What is needed: The line containing "Special structures for trucks" and every line after it to the end of the records: set those down exactly, without any pictures.

Records excerpted from a collection:
* * *
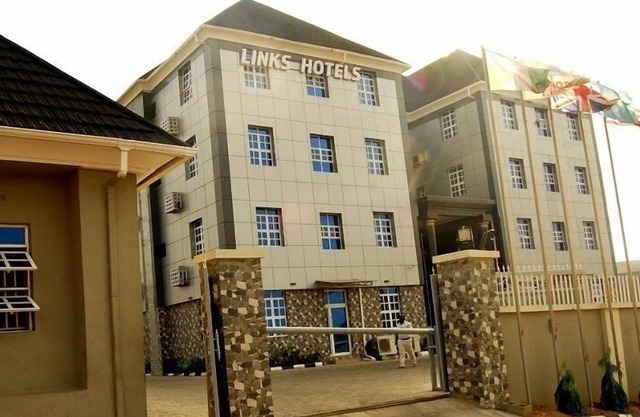 Links Hotel Abuja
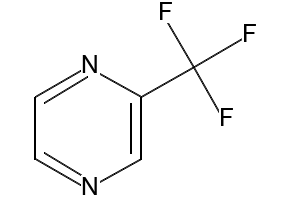 2-(Trifluoromethyl)pyrazine, 61655-67-2, undefined, 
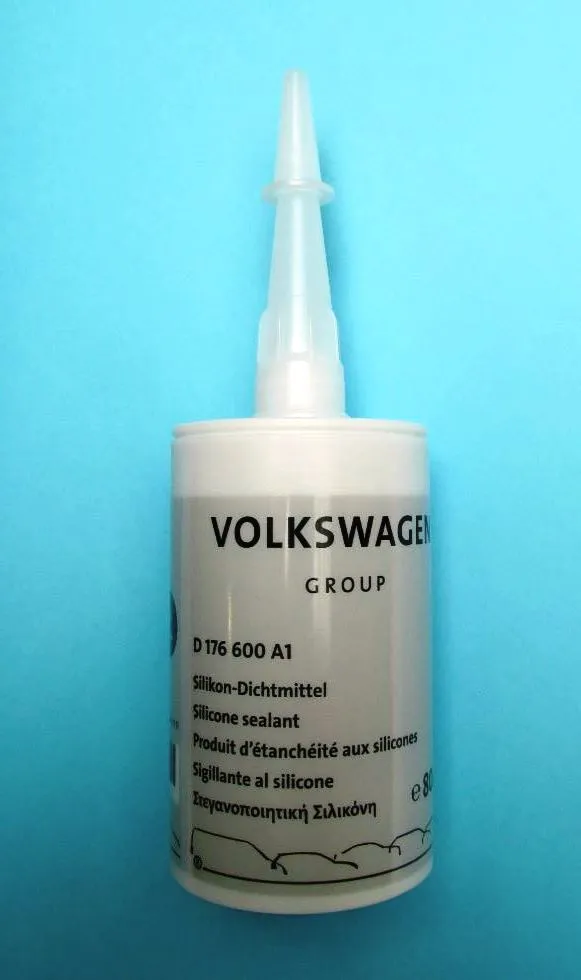 Szczeliwo silikonowe D176600A1 VAG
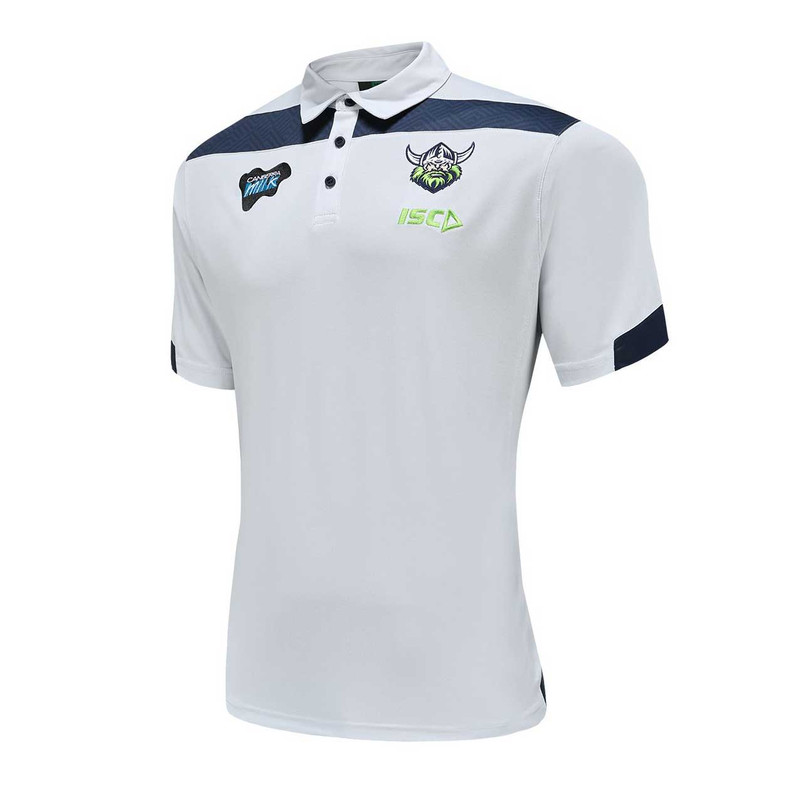 Canberra Raiders Performance Polo Shirt - Men's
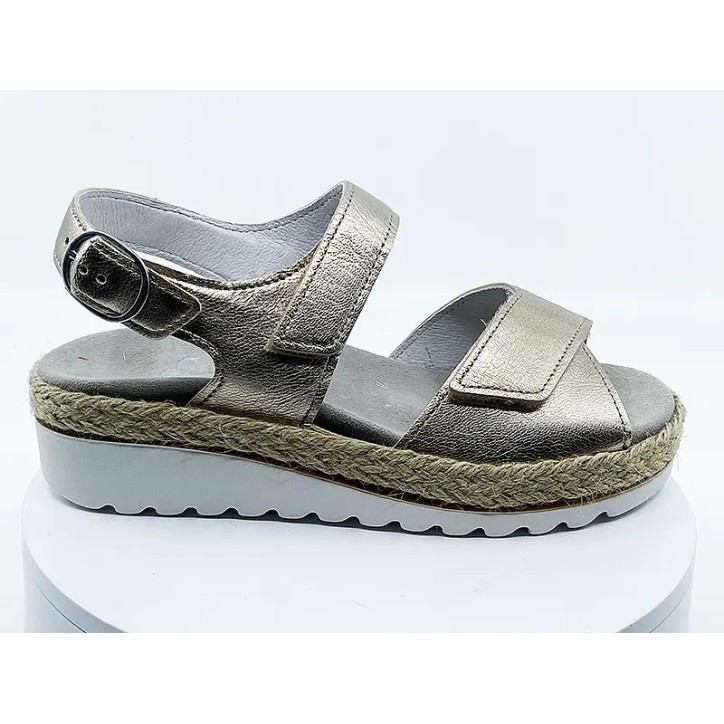 Sandales T3015 doré - Semler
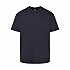 [해외]URBAN CLASSICS 무거운 오버사이즈 티셔츠（큰 사이즈） 138681312 bleu marine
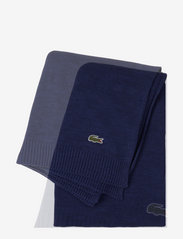 Lacoste Home - LLIVING Throw - plaider - marine - 0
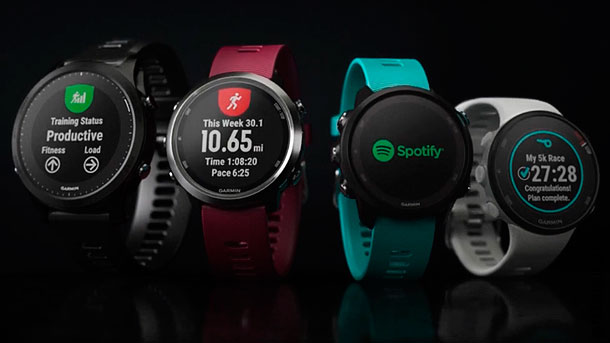 Garmin-Forerunner-New-GPS-Watch-2019-photo-1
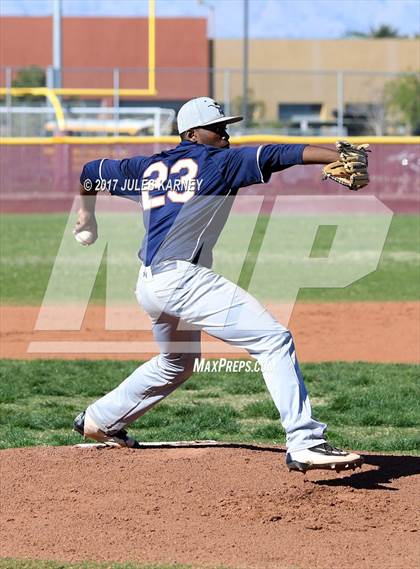 Thumbnail 1 in Faith Lutheran vs. Legacy photogallery.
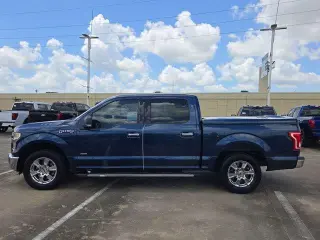 Ford F-150 2015 4x2 XLT 4p SuperCrew 5.5 ft. SB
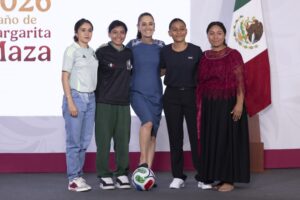 Un concurso nacional de dominadas abrió las puertas de la Copa del Mundo a cuatro participantes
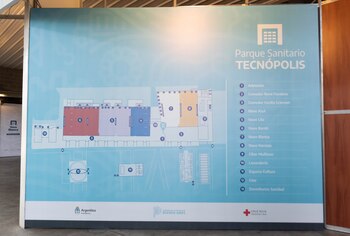 El establecimiento puee alojar a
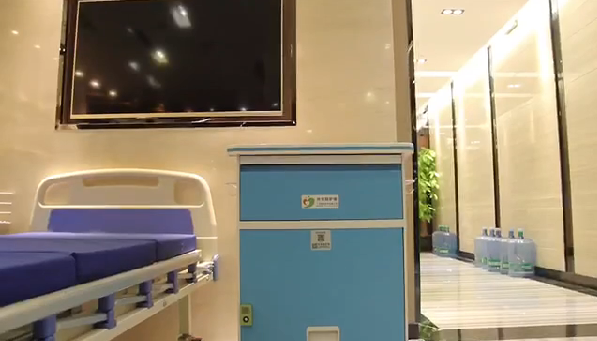 什么是共享陪護床?什么是掃碼陪護床?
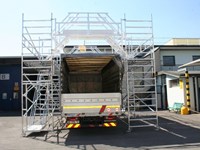 Special structures for trucks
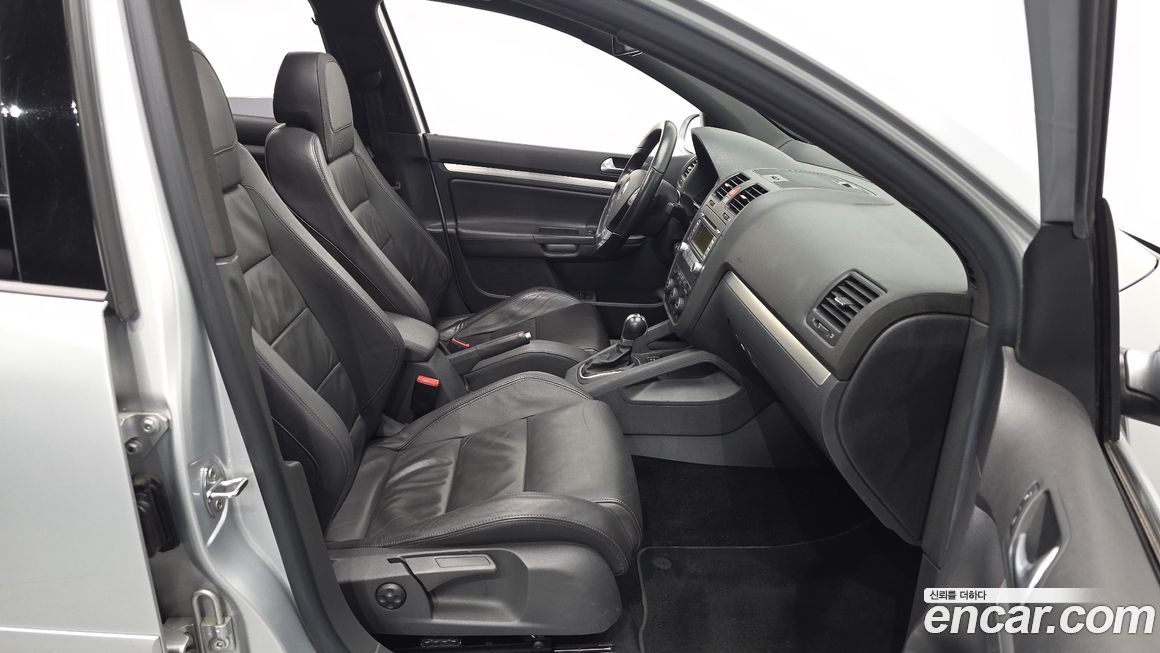 Volkswagen Golf 2008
* * *
Your solution:
 Special structures for trucks
 Volkswagen Golf 2008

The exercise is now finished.